Densho Digital Archive
Emiko and Chizuko Omori Collection
Title: Frank Emi Interview
Narrator: Frank Emi
Interviewers: Emiko Omori (primary), Chizu Omori (secondary)
Location: San Francisco, California
Date: March 20, 1994
Densho ID: denshovh-efrank-01-0010

<Begin Segment 10>

EO: Talk about how you were sending out these bulletins and news releases to various outside...
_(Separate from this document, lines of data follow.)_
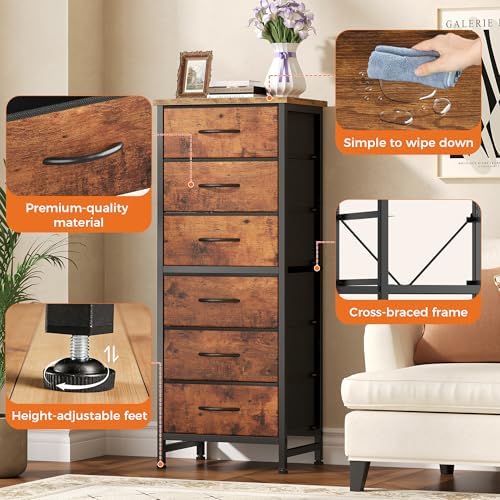 Sweetcrispy Tall Fabric Dresser for Bedroom, 6 Drawer Chest of Drawers - Image 6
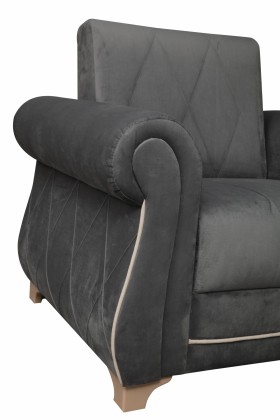 Кресло для отдыха "Порто" (велюр графит / микровельвет крем) в Ачинске - achinsk.katalogmebeli.com | фото 7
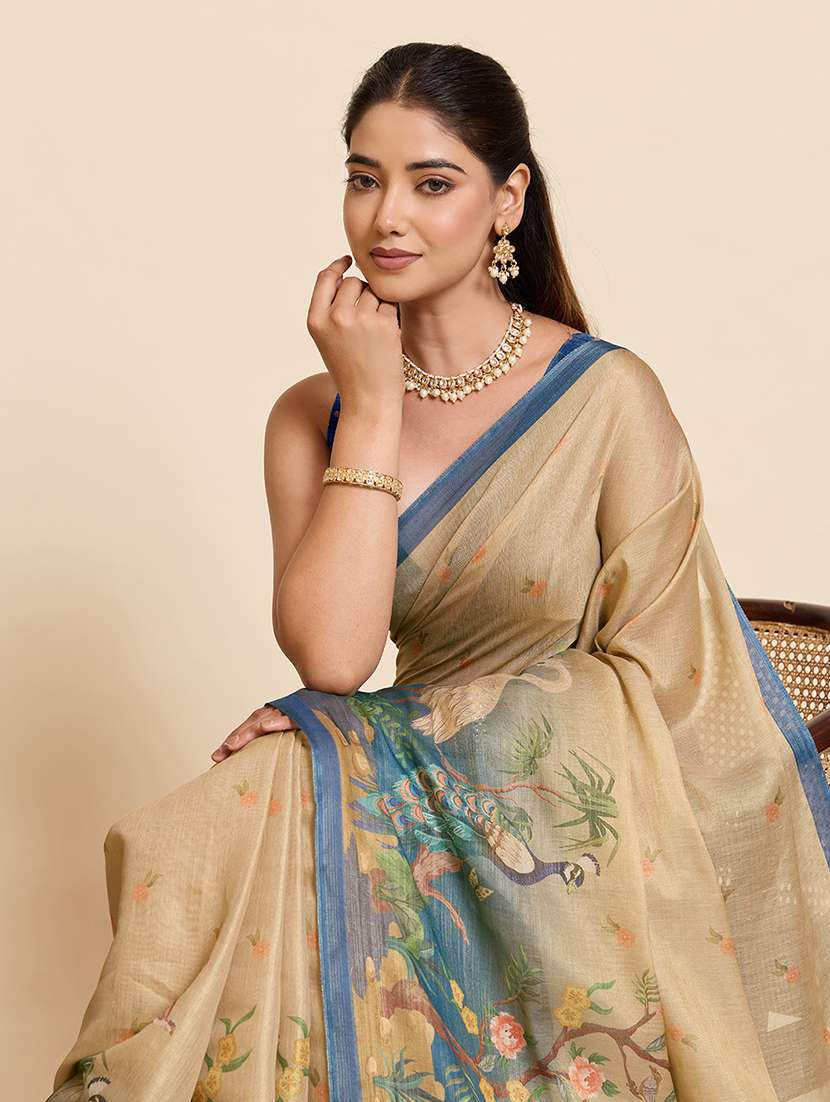 women printed casual wear saree with blouse - 22503253 -  Standard Image - 1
FE: Oh, yes. While this, all this was going on, we were sending out news releases to the different newspapers, such as the Pacific Citizen, Denver Post, Billings Gazette, Cheyenne Eagle, I mean, Wyoming Eagle, and United Press and AP. The reason that we were doing that because we wanted the public to know what was going on in camp, that, how we were treated and how we as prisoners were being told to go into the army as if we were free citizens on the outside and we figured that maybe the public might be fair-minded enough to understand our position. So I sent news releases to these papers and the only paper that published our releases was the Rocky Shimpo, in which James Omura was the English editor at the time. And he not only printed the releases that I sent him, but he would editorially support us saying that we were fighting for a constitutional principle and he thought we had a right to do that. And for that we really respected him and held him in very high esteem. The Pacific Citizen would never print any of our releases. They editorialized all right, but they editorialized, but they editorialized calling us saboteurs, and disloyal seditionists, etcetera, etcetera. They really vilified us.

[Interruption]

EO: You sound very organized.

FE: Well, I guess we felt that we had such a righteous case, that the public would, once they understood the situation, would sympathize with us and maybe the Congress might do something, but actually it just spontaneous, we felt that it was desperate times take desperate measures. [Laughs] In fact, I did get an answer from Harold Ickes and Attorney General Biddle when I sent them copies of George Ishikawa's letter. He says, these, this is how the boys feel about this, they're incarcerated in county jail now, etcetera, and they gave me very, very nice answers. I might have brought copies of it today.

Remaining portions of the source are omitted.